FIG. 4 is a flowchart of paragraph level determination using a machine learning model in a method for constructing a document heading tree according to an embodiment of the present disclosure. Referring to FIG. 1 and FIG. 4, determining a paragraph level of each of the paragraphs in the document to be processed using a machine learning model, in a case where the rule matching is failed specifically may include:
S310: extracting a word vector sequence feature and a part-of-speech sequence feature from a current paragraph;
S320: inputting the word vector sequence feature and the part-of-speech sequence feature into the machine learning model; and
S330: outputting, by the machine learning model, the paragraph level of each of the paragraphs in the document to be processed.
In an example, the machine learning model may be adopted to make a binary-classification determination for the current paragraph, i.e., to determine whether the current paragraph is a document heading.

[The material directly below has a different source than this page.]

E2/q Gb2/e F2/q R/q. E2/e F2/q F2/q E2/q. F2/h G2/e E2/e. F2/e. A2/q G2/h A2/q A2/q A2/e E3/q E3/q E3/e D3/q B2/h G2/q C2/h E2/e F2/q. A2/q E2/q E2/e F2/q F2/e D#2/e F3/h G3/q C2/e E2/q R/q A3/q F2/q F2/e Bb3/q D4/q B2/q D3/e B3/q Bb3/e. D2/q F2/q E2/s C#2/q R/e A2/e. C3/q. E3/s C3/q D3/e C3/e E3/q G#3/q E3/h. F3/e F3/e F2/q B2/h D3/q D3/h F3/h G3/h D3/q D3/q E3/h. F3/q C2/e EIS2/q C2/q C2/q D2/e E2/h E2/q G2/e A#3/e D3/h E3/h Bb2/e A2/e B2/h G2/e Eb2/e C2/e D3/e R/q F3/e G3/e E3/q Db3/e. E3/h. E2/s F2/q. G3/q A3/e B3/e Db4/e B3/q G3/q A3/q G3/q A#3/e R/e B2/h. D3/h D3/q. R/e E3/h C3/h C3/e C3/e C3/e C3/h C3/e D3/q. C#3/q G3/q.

Since the document heading text is generally embodied as a summary statement in content, on the one hand, a word vector sequence may be used as a feature to extract semantic information, wherein a word vector is a technology that processes a word into a vector, and ensures that the relative similarity and semantic similarity between the vectors are related, and wherein the word vector is a vector obtained by mapping a word into a semantic space. On the other hand, the document heading text also has corresponding characteristics in the part-of-speech, and it is usually a combination of a noun and a gerund, such as “experiences summarizing” and “rules generalizing”. Therefore, a part-of-speech sequence may be added as an input feature of the machine learning model at the same time, so that the machine learning model can learn using the word vector sequence feature and the part-of-speech sequence feature.

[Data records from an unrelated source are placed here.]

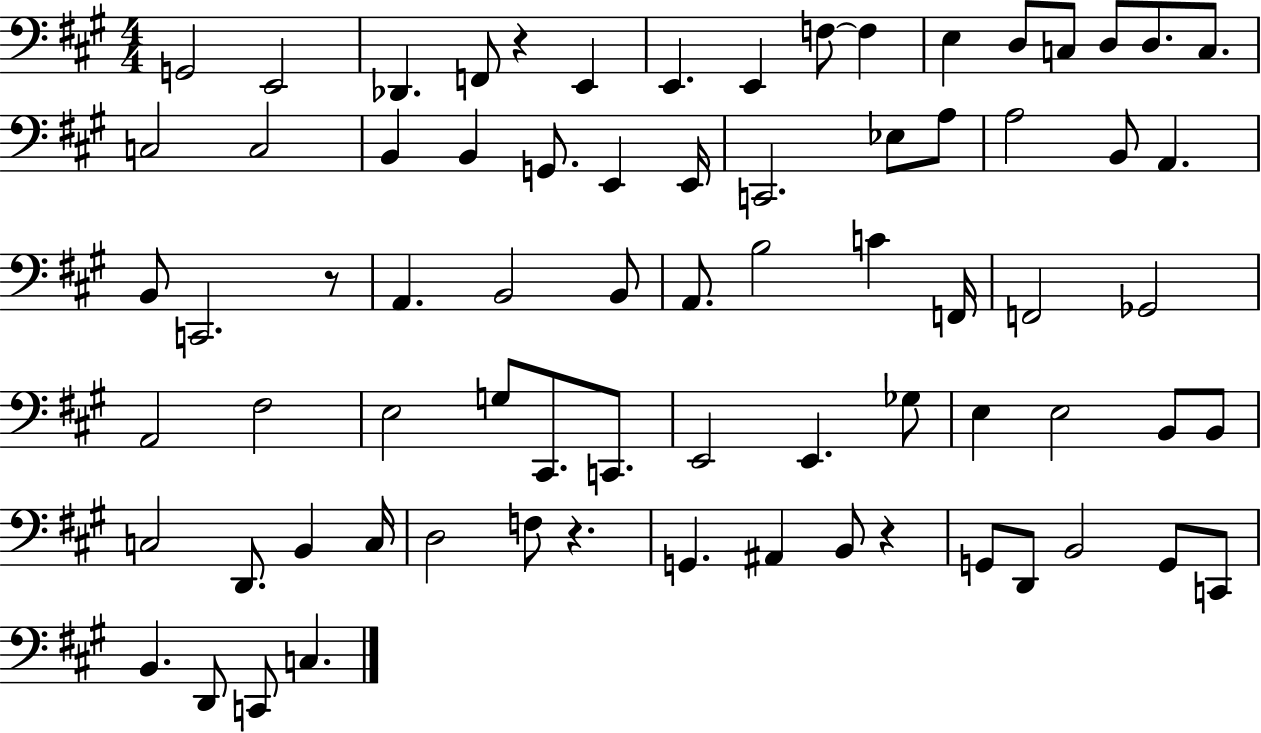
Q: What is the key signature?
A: A major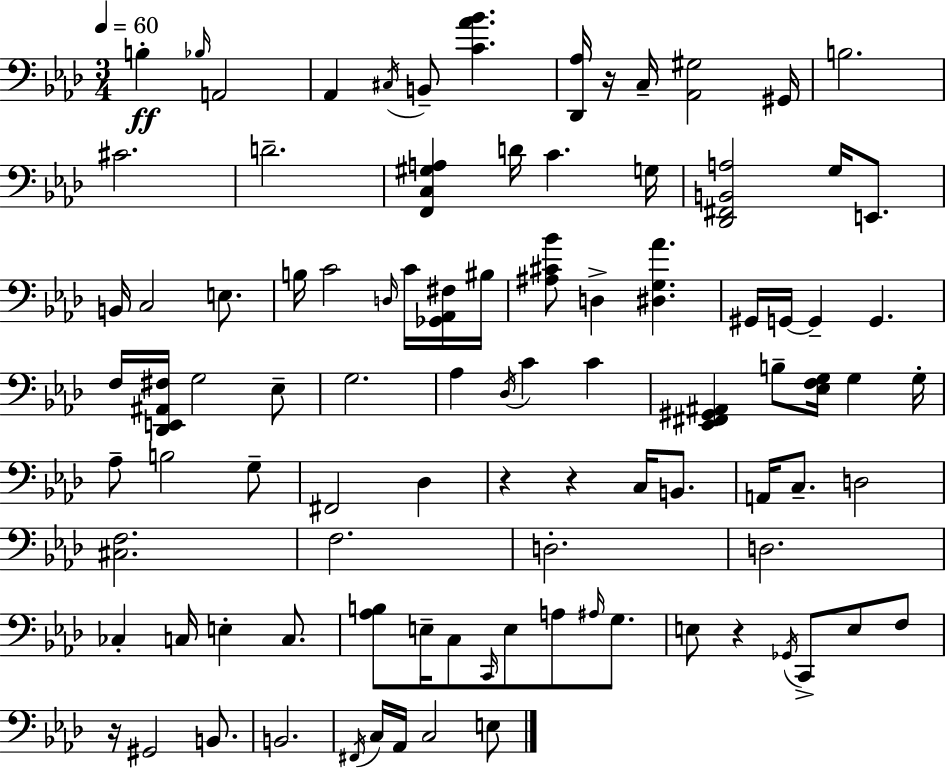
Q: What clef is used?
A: bass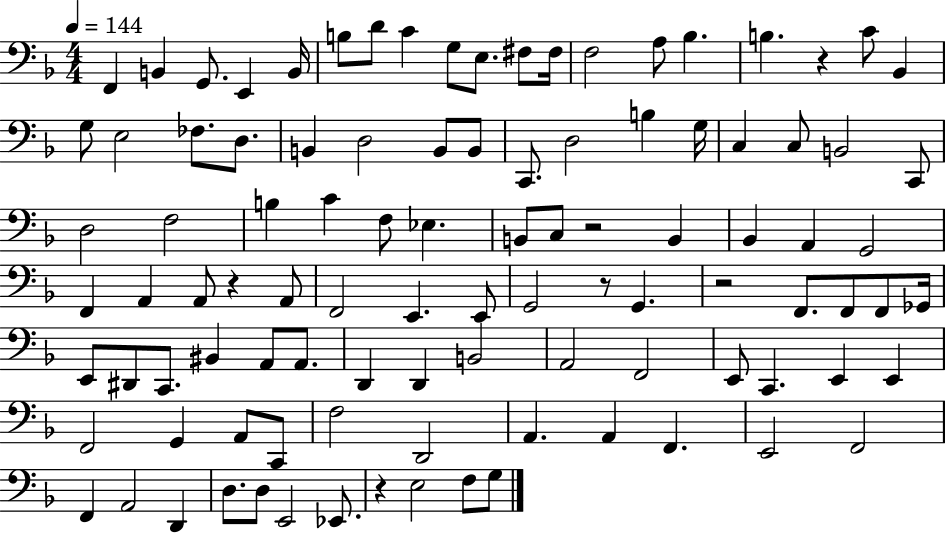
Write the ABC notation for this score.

X:1
T:Untitled
M:4/4
L:1/4
K:F
F,, B,, G,,/2 E,, B,,/4 B,/2 D/2 C G,/2 E,/2 ^F,/2 ^F,/4 F,2 A,/2 _B, B, z C/2 _B,, G,/2 E,2 _F,/2 D,/2 B,, D,2 B,,/2 B,,/2 C,,/2 D,2 B, G,/4 C, C,/2 B,,2 C,,/2 D,2 F,2 B, C F,/2 _E, B,,/2 C,/2 z2 B,, _B,, A,, G,,2 F,, A,, A,,/2 z A,,/2 F,,2 E,, E,,/2 G,,2 z/2 G,, z2 F,,/2 F,,/2 F,,/2 _G,,/4 E,,/2 ^D,,/2 C,,/2 ^B,, A,,/2 A,,/2 D,, D,, B,,2 A,,2 F,,2 E,,/2 C,, E,, E,, F,,2 G,, A,,/2 C,,/2 F,2 D,,2 A,, A,, F,, E,,2 F,,2 F,, A,,2 D,, D,/2 D,/2 E,,2 _E,,/2 z E,2 F,/2 G,/2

In S310, word segmentation processing is performed on the current paragraph to be input into the machine learning model, to obtain the word vector sequence feature and the part-of-speech sequence feature of the current paragraph. The above features are input into the machine learning model in S320. In one example, the LSTM model may be adopted to determine the paragraph level of each of the paragraphs in the document to be processed. The determination formula of the LSTM model is as follows:
y=LSTM(x_emb,x_pos)
wherein x_emb represents a word vector sequence feature after word segmentation, x_pos represents a part-of-speech sequence feature after word segmentation, and y represents a final output result; wherein in a case where y is 1, it represents a prediction result indicating that the current paragraph is a document heading. In one implementation, corresponding weight values of document paragraphs recognized as headings by the LSTM model may be all set to a second predetermined value, such as 7; and in a case where y is 0, it represents a prediction result indicating that the current paragraph is not a document heading and assigned with a weight value of 100.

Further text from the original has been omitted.